Your goal: Beginning at the line containing "Продам дачний будинок на березі річки" in the material below and ending at the line containing "ARC'TERYX（アークテリクス）ARC'TERYX (アークテリクス) BETA", return each line exactly and add nothing.

Input data:
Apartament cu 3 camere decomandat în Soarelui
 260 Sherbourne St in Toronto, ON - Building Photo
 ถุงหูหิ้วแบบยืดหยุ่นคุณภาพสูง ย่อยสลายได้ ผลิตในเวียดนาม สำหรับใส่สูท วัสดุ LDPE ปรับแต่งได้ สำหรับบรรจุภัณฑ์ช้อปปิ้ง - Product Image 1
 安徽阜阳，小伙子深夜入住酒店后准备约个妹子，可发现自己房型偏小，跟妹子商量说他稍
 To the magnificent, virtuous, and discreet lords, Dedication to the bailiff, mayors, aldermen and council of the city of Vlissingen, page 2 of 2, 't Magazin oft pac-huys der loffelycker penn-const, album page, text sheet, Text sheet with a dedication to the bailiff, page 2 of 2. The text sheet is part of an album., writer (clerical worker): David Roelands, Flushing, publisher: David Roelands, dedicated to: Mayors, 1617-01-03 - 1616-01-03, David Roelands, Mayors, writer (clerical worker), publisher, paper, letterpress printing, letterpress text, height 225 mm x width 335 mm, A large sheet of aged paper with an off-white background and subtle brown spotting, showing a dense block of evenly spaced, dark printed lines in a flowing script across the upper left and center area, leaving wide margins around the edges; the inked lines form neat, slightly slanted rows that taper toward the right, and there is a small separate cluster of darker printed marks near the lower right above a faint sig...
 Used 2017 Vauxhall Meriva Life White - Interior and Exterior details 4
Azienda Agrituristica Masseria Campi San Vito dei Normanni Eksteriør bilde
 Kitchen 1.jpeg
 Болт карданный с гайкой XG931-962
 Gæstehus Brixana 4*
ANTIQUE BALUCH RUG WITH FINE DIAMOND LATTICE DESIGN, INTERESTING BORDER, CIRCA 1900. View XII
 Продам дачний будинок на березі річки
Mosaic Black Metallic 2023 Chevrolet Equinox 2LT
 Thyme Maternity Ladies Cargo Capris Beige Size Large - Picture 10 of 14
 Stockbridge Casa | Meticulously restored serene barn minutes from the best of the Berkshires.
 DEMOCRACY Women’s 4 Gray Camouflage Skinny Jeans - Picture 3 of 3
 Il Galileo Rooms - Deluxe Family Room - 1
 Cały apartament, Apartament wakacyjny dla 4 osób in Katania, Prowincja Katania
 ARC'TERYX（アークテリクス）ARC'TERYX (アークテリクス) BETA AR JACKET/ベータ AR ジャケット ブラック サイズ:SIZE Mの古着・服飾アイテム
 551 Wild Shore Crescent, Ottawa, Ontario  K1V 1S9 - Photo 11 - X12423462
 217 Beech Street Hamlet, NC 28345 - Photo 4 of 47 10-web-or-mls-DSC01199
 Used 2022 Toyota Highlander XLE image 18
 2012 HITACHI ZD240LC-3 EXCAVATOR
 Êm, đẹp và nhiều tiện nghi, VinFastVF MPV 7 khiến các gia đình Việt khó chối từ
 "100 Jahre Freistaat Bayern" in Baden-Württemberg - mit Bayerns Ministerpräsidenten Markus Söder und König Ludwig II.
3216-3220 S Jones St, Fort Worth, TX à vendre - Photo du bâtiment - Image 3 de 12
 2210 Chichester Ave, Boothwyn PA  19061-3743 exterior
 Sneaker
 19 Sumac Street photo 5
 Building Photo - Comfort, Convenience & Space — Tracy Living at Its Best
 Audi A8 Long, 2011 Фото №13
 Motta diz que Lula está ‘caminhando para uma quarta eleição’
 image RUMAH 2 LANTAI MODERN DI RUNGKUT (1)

Written answer:
 Продам дачний будинок на березі річки
Mosaic Black Metallic 2023 Chevrolet Equinox 2LT
 Thyme Maternity Ladies Cargo Capris Beige Size Large - Picture 10 of 14
 Stockbridge Casa | Meticulously restored serene barn minutes from the best of the Berkshires.
 DEMOCRACY Women’s 4 Gray Camouflage Skinny Jeans - Picture 3 of 3
 Il Galileo Rooms - Deluxe Family Room - 1
 Cały apartament, Apartament wakacyjny dla 4 osób in Katania, Prowincja Katania
 ARC'TERYX（アークテリクス）ARC'TERYX (アークテリクス) BETA AR JACKET/ベータ AR ジャケット ブラック サイズ:SIZE Mの古着・服飾アイテム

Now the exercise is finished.